В Сиднее к нему за кулисы пришла Мэгги Эбботт, британская агентесса, которая столько лет упорно пыталась раскочегарить его кинокарьеру. В этой области успехов не добился никто: после «Фицкарральдо» Мик появился на экране лишь однажды, в американском телесериале «Сказочный театр» сыграв вполне подходящую роль китайского императора в «Соловье».[332]
Однако сейчас Эбботт поведала историю, которая вызвала бы обильное слюнотечение у любого продюсера. Когда Мик уже перестал быть ее клиентом, она познакомилась с лос-анджелесским видеопродюсером Дэвидом Джоувом, эгоцентриком, державшимся, однако, подальше от софитов. Они подружились, и в конце концов Джоув раскрыл ей тайну, которую хранил пятнадцать лет. На самом деле его звали Дэвид Снайдермен, он же Кислотный Царь Давид; он был таинственным виновником антинаркотического налета на «Редлендс», а затем суда и тюремного заключения Мика и Кита в 1967 году.
Со временем Эбботт выяснила подробности: как ФБР совместно с МИ5 наняли Снайдермена, дабы замести Мика и Кита и навсегда закрыть им въезд в США; как он внедрился в группу редлендских гостей под маской кислотного дилера, располагавшего неотразимым новым веществом; как, едва он стукнул сассекской полиции, его наниматели из ФБР и МИ5 скоренько вывезли его из Великобритании и как потом он постарался вовсе исчезнуть, осел на Западном побережье и сменил фамилию; как он все эти годы не высовывался, противостоя всем соблазнам нажиться на одной из самых знаменитых легенд рока, и как тем не менее он всю жизнь провел в страхе, что его бывшие кураторы из ФБР в один прекрасный день явятся и заткнут ему рот на веки вечные.

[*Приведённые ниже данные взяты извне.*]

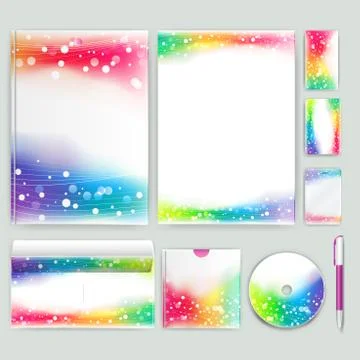 Corporate identity template with color elements. Vector company business styl Stock Illustration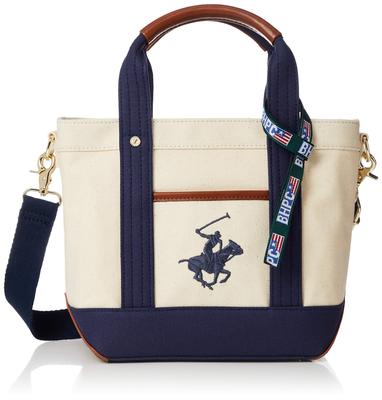 Сумка-тоут Hills Polo Canvas через плечо BH1006N Ivory x Navy [Beverly Club] (с ремешком)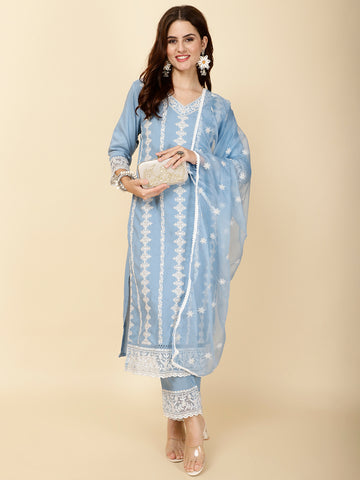 Resham Embroidery Cotton Suit Set With Dupatta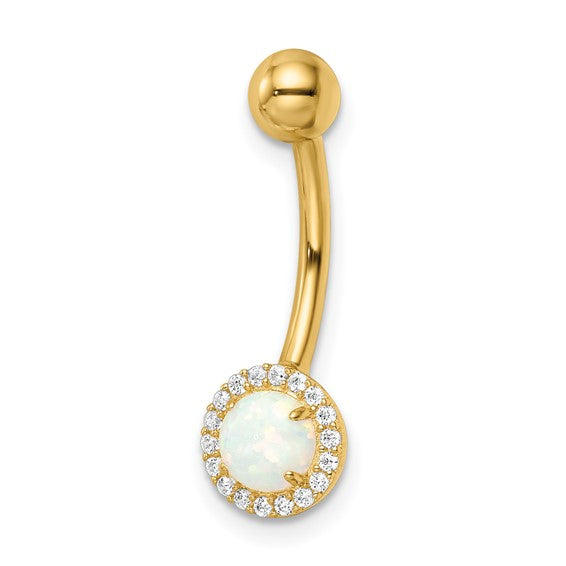 14k Yellow Gold Created Opal and CZ Belly Ring- Sparkle & Jade-SparkleAndJade.com BD207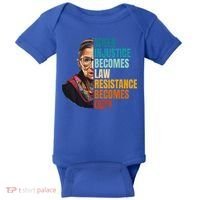 When Injustice Becomes Law Resistance Becomes Duty Rbg Baby Bodysuit thumb 0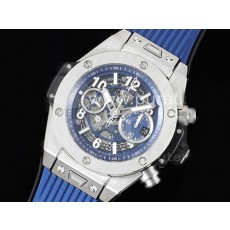 휴블럿 빅뱅 유니코 티타늄 블루 스켈레톤 다이얼 | Hublot Big Bang Unico Titanium ZF 1:1 Best Edition Blue Skeleton Dial on Blue Rubber Strap A1280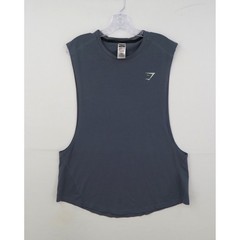 Gymshark Critical Drop Arm Tank Mens XXL Gray Green Muscle Tee A1A5Y Workout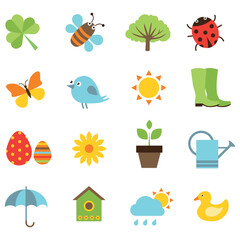 Cute spring elements set. Hello spring. Springtime stickers for poster and greeting cards. Hand drawn vector illustration. 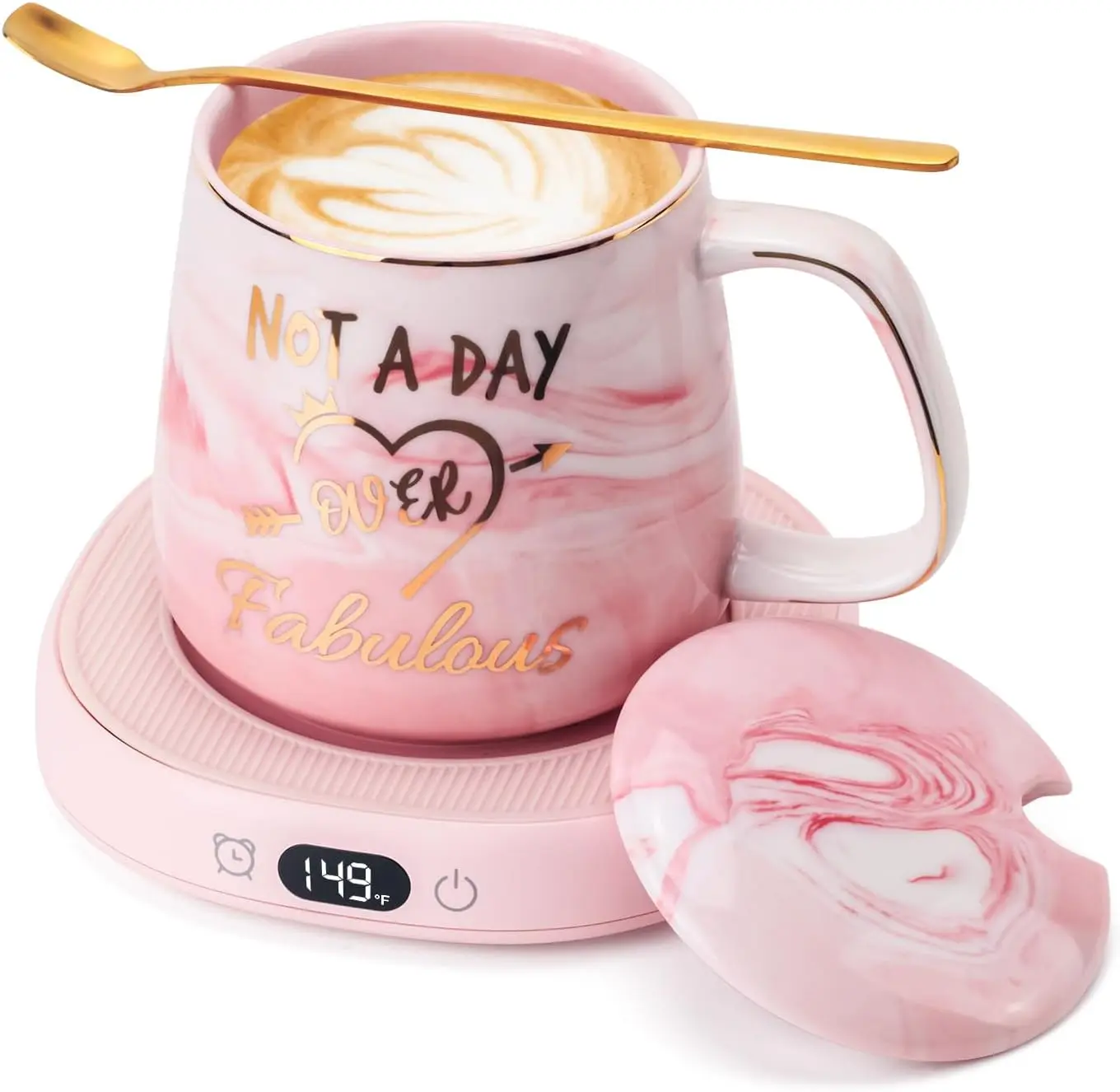 Coffee Mug Warmer & Not A Day Mug Set, Electric Cup Warmer for Desk Office Home, Beverage Warmer with 3 Temperature Setting, 8-Hours Auto Shut Off,  Birthday Present Ideas for Women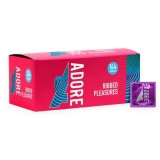 Prezervative ADORE Ribbed Pleasure, cu nervuri reliefate pe lungime, din latex, lubrifiate, 52 &plusmn; 2 mm, 144 buc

По Лондону Мэгги Эбботт была знакома и с третьей жертвой «редлендской» истории, пострадавшей, пожалуй, больше всех, — с Марианной Фейтфулл. Марианна к тому времени уже вернулась из надира героиновой наркомании, выстроила заново музыкальную карьеру и заработала всеобщее уважение как одна из тех, чье спасение было очень маловероятно. Эти две женщины поддерживали связь, и в 1985 году, когда Марианна приехала в Лос-Анджелес, Эбботт представила ее Дэвиду Джоуву. Марианне на этой встрече было весьма неуютно, и потом она подтвердила Эбботт, что он и есть «мистер Икс… тот парень из „Редлендс“, который нас подставил».
Казалось бы, такая весть должна была взбодрить Мика, пробить даже его знаменитую амнезию и возродить воспоминания о Лете Любви, начиная с камеры в Брикстонской тюрьме и мифического батончика «Марс» и заканчивая совещанием с представителями истеблишмента. Какая вышла бы глава в недавно заброшенной автобиографии! Он мог бы хоть полюбопытствовать насчет человека, виновного в худшем испуге его жизни. Но история Мэгги Эбботт Мика не заинтересовала, он перебил ее, не успела она начать, и сказал только, что его происшедшее «не парит» и что «все это в прошлом».